Tuesday, 23 April 2013




FCPO Related News (Wed, Apr 24)

SINGAPORE, April 23 (Reuters) - Malaysian palm oil futures inched up on Tuesday as a drop in prices to 4-month lows in the previous session attracted some buyers, although gains were limited by slowing export demand. A preliminary reading on Tuesday showed manufacturing growth in China slowed in April, further weighing on riskier assets such as shares and some commodities after disappointing economic data last week triggered a sharp market sell-off.

But traders said palm oil prices drew some support from bargain hunting after tumbling to a 4-month low the previous day on sluggish exports and bearish external factors. "We see some bargain hunting today, but overall sentiment is still volatile especially on the macroeconomic front. Support remains at 2,250 ringgit," said a trader with a foreign commodities brokerage in Kuala Lumpur. The benchmark July contract on the Bursa Malaysia Derivatives Exchange gained 0.8 percent to close at 2,272 ringgit ($743) per tonne.

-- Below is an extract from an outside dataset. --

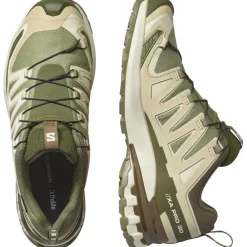 XA PRO 3D V9 GORE-TEX hardloopschoenen heren deep lichen green safari dark earth*Salomon Sale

Prices fell to 2,250 ringgit on Monday, a level not seen since Dec. 14. Total traded volumes stood at 35,888 lots of 25 tonnes each, slightly more than the average 35,000 lots seen so far this year. Technical analysis showed palm oil is expected to consolidate in a range of 2,249 to 2,289 ringgit for one trading session before resuming its downtrend, Reuters market analyst Wang Tao said.  Malaysian palm oil exports for April 1-20 fell 6.4 percent  to 864,206 tonnes from 922,987 tonnes shipped during March 1-20, cargo surveyor Societe Generale de Surveillance said.

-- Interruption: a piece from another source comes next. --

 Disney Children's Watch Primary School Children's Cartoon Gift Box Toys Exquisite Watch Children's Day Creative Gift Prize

Sluggish exports could prevent end-stocks from easing below  the psychological 2-million-tonne mark, putting more pressure on palm oil prices. Inventory level fell to 2.17 million tonnes in March, down 11 percent from February's 2.44 million tonnes. In other markets, Brent crude fell below $99 a barrel after weaker-than-expected manufacturing data from China and Germany darkened the outlook for fuel demand. The flash HSBC Purchasing Managers' Index fell to 50.5 in April from 51.6 the month before as new export orders shrank in China. The PMI's 50-point level demarcates growth from contraction from the month before. In other vegetable oil markets, U.S. soyoil for July delivery edged down 0.6 percent in late Asian trade. The most-active September soybean oil contract on the Dalian Commodities Exchange fell 1 percent.          [Reuters]

Palm oil has declined 4.4% so far this month owing to concerns about the health of China’s economy. "Ramadan buying will start in May so stockpiles may be drawn down during the May-June period to around 1.9 million-2 million tons" and will likely limit further price falls, a trading executive at a Singapore-based trading company says. Buyers usually commence purchases a few months before the holy month of Ramadan–which starts in July this year. Consumption of cooking oil rises during this period as Muslims break fasts with evening feasts.           [Dow Jones Newswire]

Today’s Support and Resistance for benchmark July contract is located around 2,250 and 2,288 respectively.